KARACHI: Unknown assailants gunned down social media campaigner and civil society activist Khurram Zaki on Saturday night in Karachi.

Central District SSP, Muqadas Haider told Dawn.com that four suspects riding on two motorcycles opened fire on Zaki while he was eating dinner at a restaurant in Sector-11B of North Karachi. The activist was killed, and two others – journalist Rao Khalid and bystander Aslam – were critically wounded in the attack.

A former journalist, Zaki was an active campaigner for human rights and was the editor of the website and Facebook page Let Us Build Pakistan (LUBP) which claimed to "spread liberal religious views and condemned extremism in all forms".

According to his Twitter profile, Zaki was the former head of current affairs for TV Channel News One, where he looked after Infotainment and religious programming.

Zaki's website Lubpak.com is currently blocked in Pakistan by most ISPs. The site also links to @CriticalPPP on Twitter, which appears to be the official account for LUBP.

Standing up to Lal Masjid

Zaki was last in the media limelight alongside activist Jibran Nasir in a campaign against Lal Masjid cleric Maulana Abdul Aziz for inciting hatred against Shia Muslims. The campaigners had managed to get a case registered against Aziz.

Khurram Zaki was 'detained' during the campaign against Lal Masjid - Khurram Zaki's Facebook page
Khurram Zaki was 'detained' during the campaign against Lal Masjid - Khurram Zaki's Facebook page

In his complaint for registration of the case, Zaki had stated that Maulana Aziz and Jamia Hafsa-Lal Masjid released a video message in which the cleric attempted to incite sectarian hatred and violence against Shia Muslims by blaming them for leading the civil society campaign against him and Lal Masjid-Jamia Hafsa. Maulana Aziz also accused Inter-Services Intelligence (ISI) and its officials of supporting and promoting a sectarian agenda by trying to concoct false and fabricated evidence against him. He specifically accused an unnamed serving brigadier in the agency, who he claimed belongs to the Shia sect, Zaki had added.

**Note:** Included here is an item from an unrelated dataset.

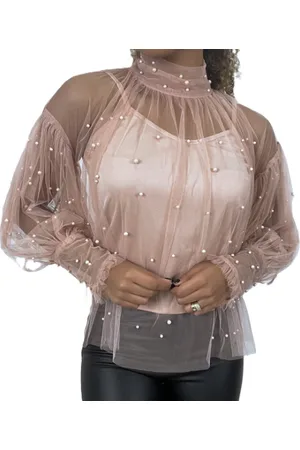 Merkloos Dames Blouse tule met parels oudroze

The activist's complaint further stated that such allegations were obvious and deliberate attempts from Aziz' side to malign and divide the national institution on sectarian lines, by fomenting sectarian hatred among the rank and file of the intelligence agency.

He went on to say that such attempts to scandalise ISI falls out of the fair perimetres of genuine academic criticism of the wrongdoings of any state institution as no evidence was put forward to support his allegations.

Rights activist Sabeen Mahmud, who was also gunned down in Karachi, had taken part in the protest against Lal Masjid as well.

'Killed by sectarian outfits'

A spokesperson of Majlis Wahdat Muslimeen (MWM) said that Khurram Zaki, 40, was not only a prominent civil society activist but also a religious scholar who tended to attend programmes on various TV channels.

The MWM spokesperson said they believed that banned sectarian outfits were involved in this gruesome murder.